Mount Misery has now been re-christened Pride Rock after being painted the bright vibrant colours of the movement’s rainbow flag.
It comes after a difficult few weeks for the LGBTQ+ community in Waterford following several recent acts of “homophobic hate.”
Pride flags were initially flown in the city to celebrate “Pride of the Déise” - a celebration of the LGBTQ+ community in the county.
However the flags, which were located outside the Menapia Building, on The Mall, had to be twice replaced after being cut down and burned.
Last week, disturbing images also surfaced on social media showing that so-called “straight pride” posters had been put up throughout the city.
The poster depicted a man and woman in wedding outfits alongside the caption: “It’s natural, it’s worked for thousands of year.

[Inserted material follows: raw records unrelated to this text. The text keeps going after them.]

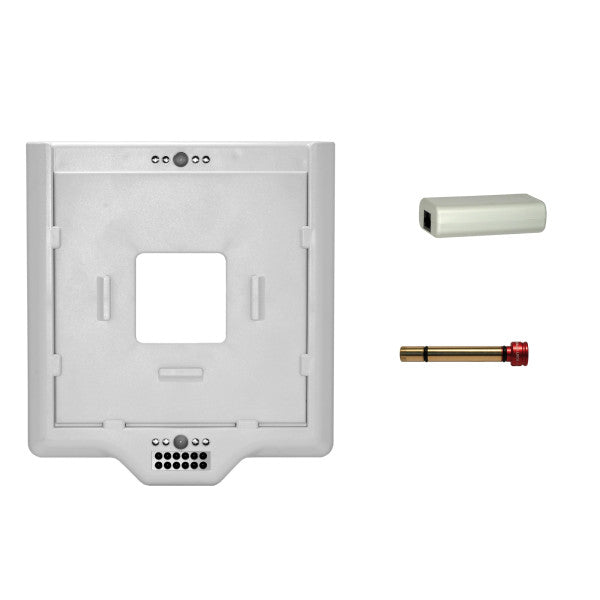SCATT WM9 Wireless — System Treningowy do Pistoletu 9 mm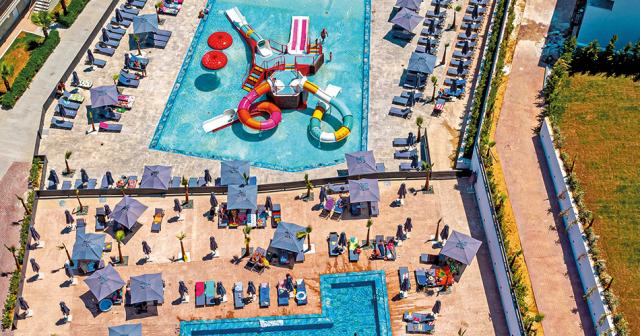 Caretta-Paradise-WATERPARK-2024-01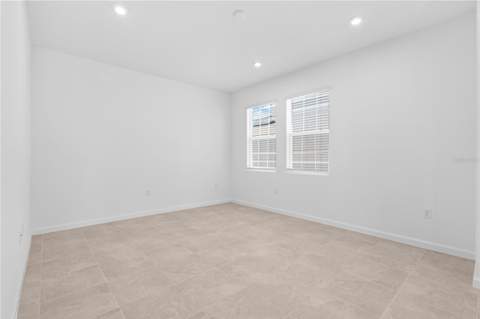 1174 Seaside Mist Trail, Kissimmee FL - photo 13 of 25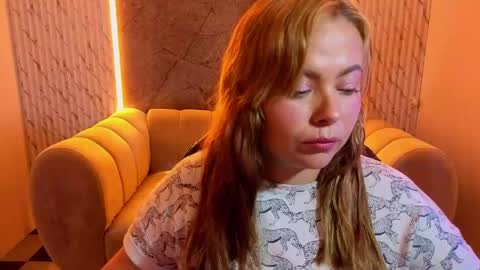 Snapshot of nathasha_b_ chatting on May 2026 03:02:01 AM natasha online show from May 2026 03:02:01 AM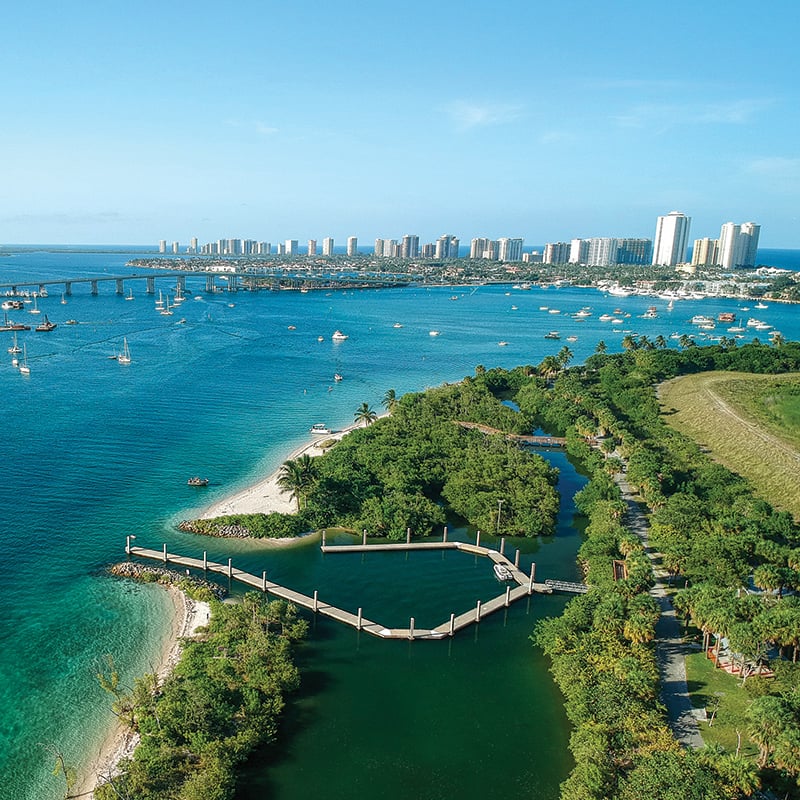 Adobestock 387167627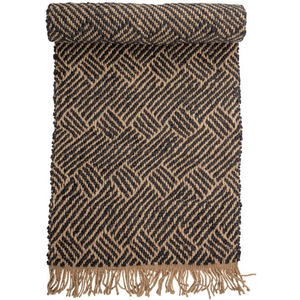 Photo of Aby Carpet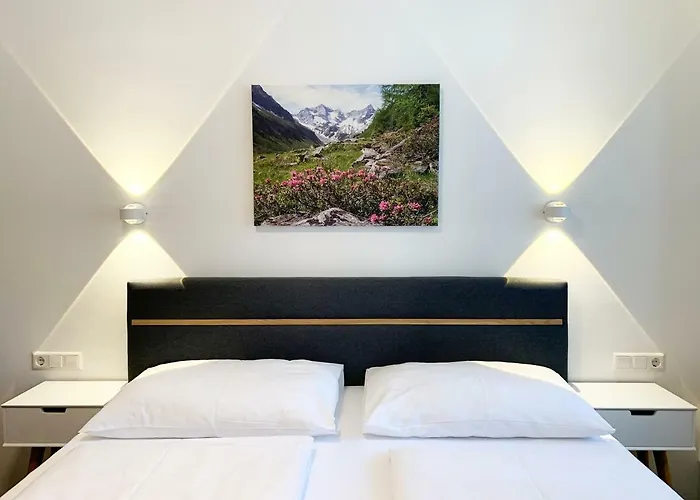 Jana By Schladming-appartements Apartament Schladming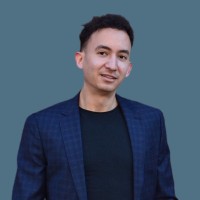 Planet Employee Omar de Santos's profile photo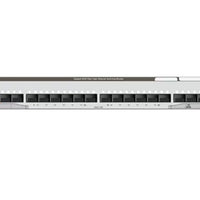 C9400-LC-24XY - Cisco Catalyst 9400 Line Card, 24 Port 25G/10G SFP+ - Refurb'd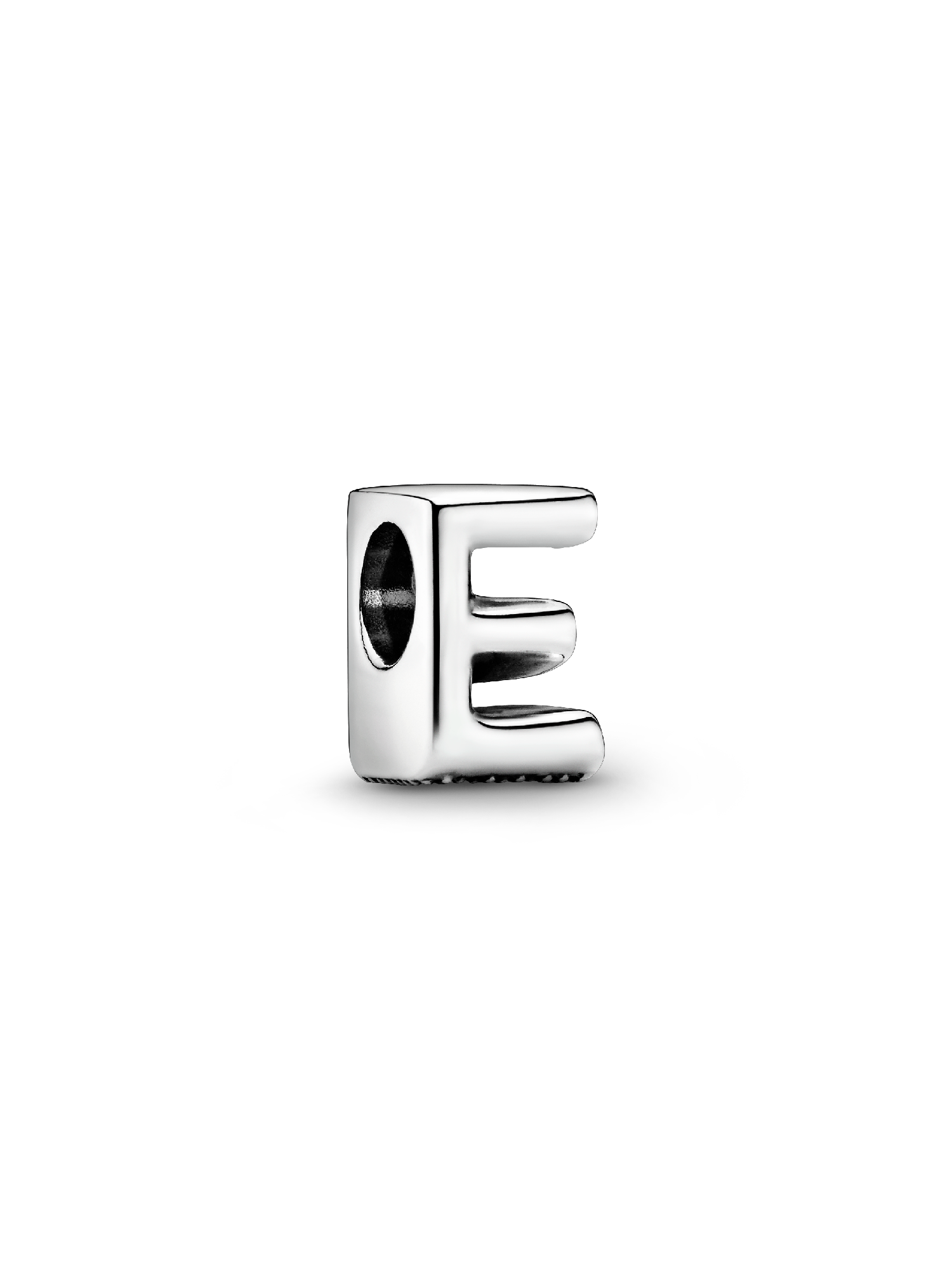 Písmeno E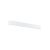 Ideal Lux Fali lámpa DELTA AP D083 3000K BIANCO 287621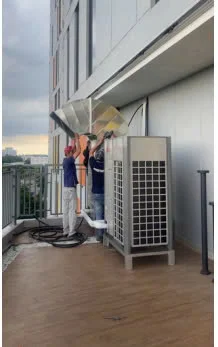 Thiết Bị Cảm Biến PNTECH – Công Ty Cổ Phần Công Nghệ PNTECH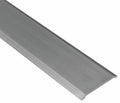 National Guard Sizeaddle Threshold,Sizemooth Top,4 ft.  411-48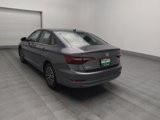 Used 2021 Volkswagen Jetta S image 5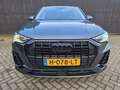 Audi Q3 35 TFSI S Line Pro Line S Gris - thumbnail 2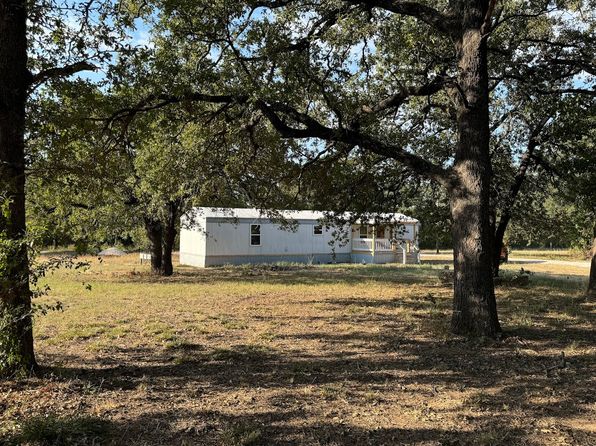 1585 County Road 3519
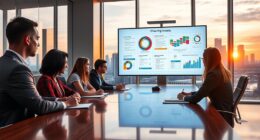 effective state governance standards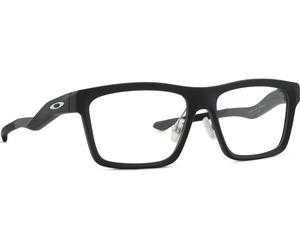 Oakley Youth RX Field Marsh OY8031 803101 50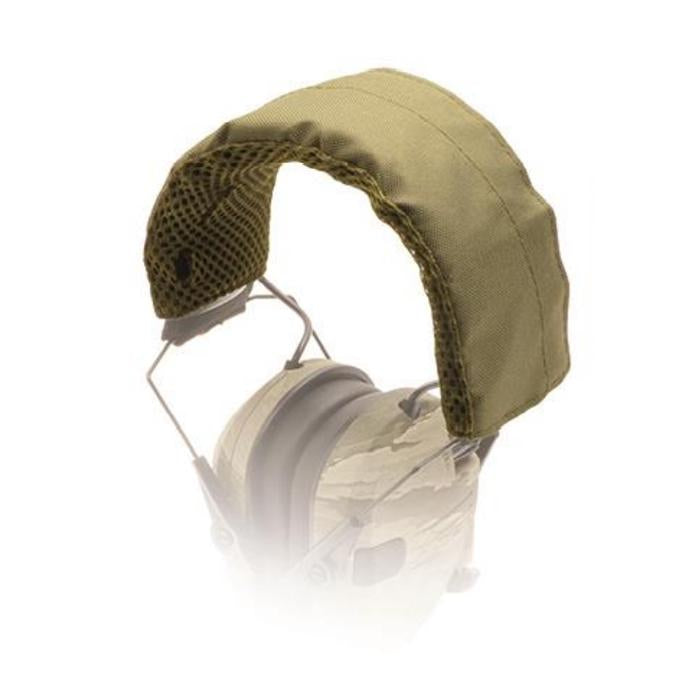 Walker's Headband Wrap ODG
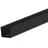 ISOLED SURF8 LED-Profil Aluminium schwarz 200cm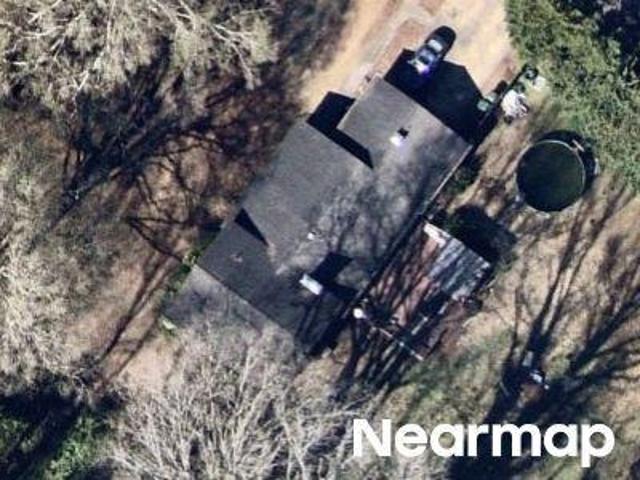 House for sale in Gaffney, South Carolina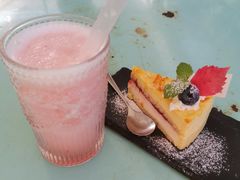 -小时光咖啡馆(北锣鼓巷店)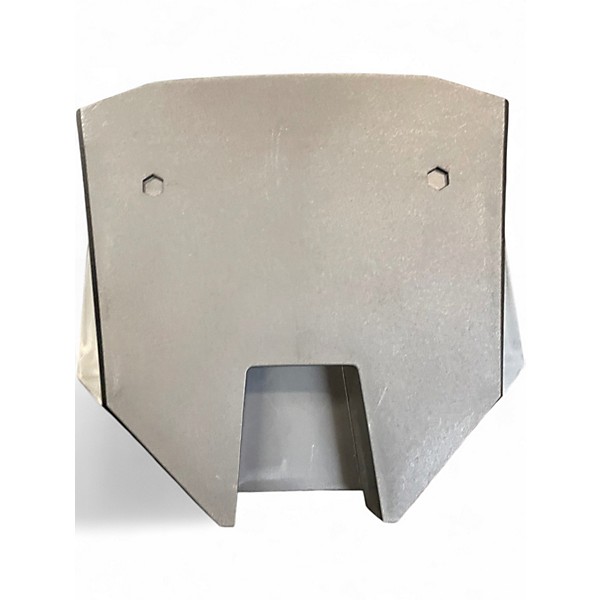 Used Mackie THUMP 12A Powered Speaker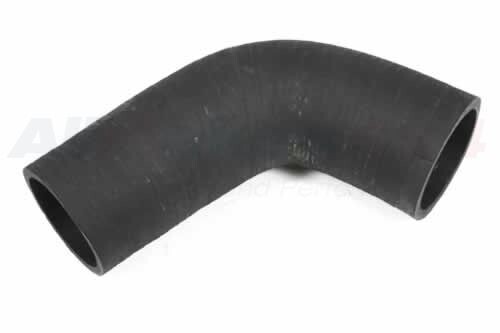Manguito interculer RR P38 Diesel REF esr1483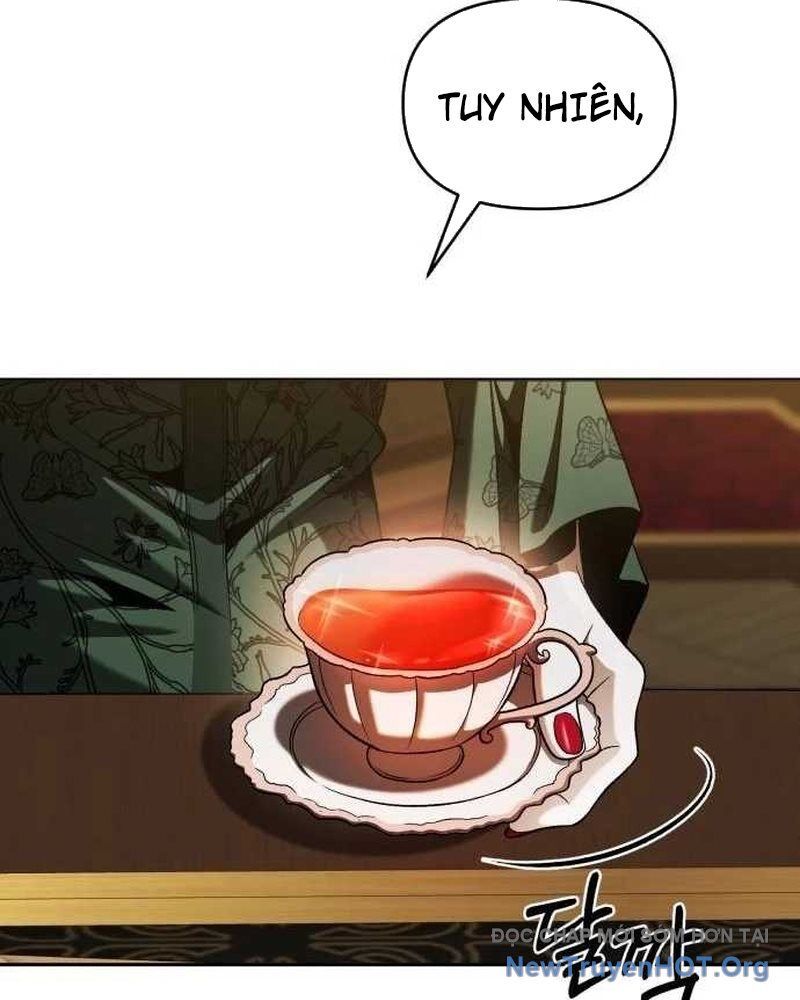 Cuộc Sống Tái Sinh Của Pháp Sư Hẻm Tối Chap 6 - Next Chap 7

And you can make babies.”
— Laura Miskella (@lauraannecleary) June 19, 2021
LGBTQ+ campaigner Debbie O'Rourke was among those to condemn the actions of those behind the posters.
"My first reaction was just shock, like, 'what is this?' And then it was like where are they?” she told extra.ie.
"They were all along the Quay. The picture was of a poster on a phone box, but they were all along the Quay on poles. They were all around the town.”
"They were A4 sized posters, printed quality, all over the inner city. People are getting in touch to say they’ve seen them, but we think we have most of them down now.
"Straight pride is just not a thing. The language included in the poster, it’s not new, it’s nothing we haven’t heard before, they’re common things that are used against the LGBT community," Debbie added.
"It’s similar to the messaging we saw and was used against us in the marriage equality campaign — that focus on family and on babies.
"There’s just a preoccupation with the sex that queer people have, it always comes up. We don’t have the same fascination with straight people’s sex lives."
The posters were reported to gardaí, and those that appeared have now been taken down, but Debbie says she fears there'll be more.
"There are people in Ireland who hold those beliefs and are willing to act on them and that’s what’s scary," she explained.
"We have to be wary, but it’s about not letting that fear win. That’s really important. For young people, they have much more fear than adults around coming out and things like that."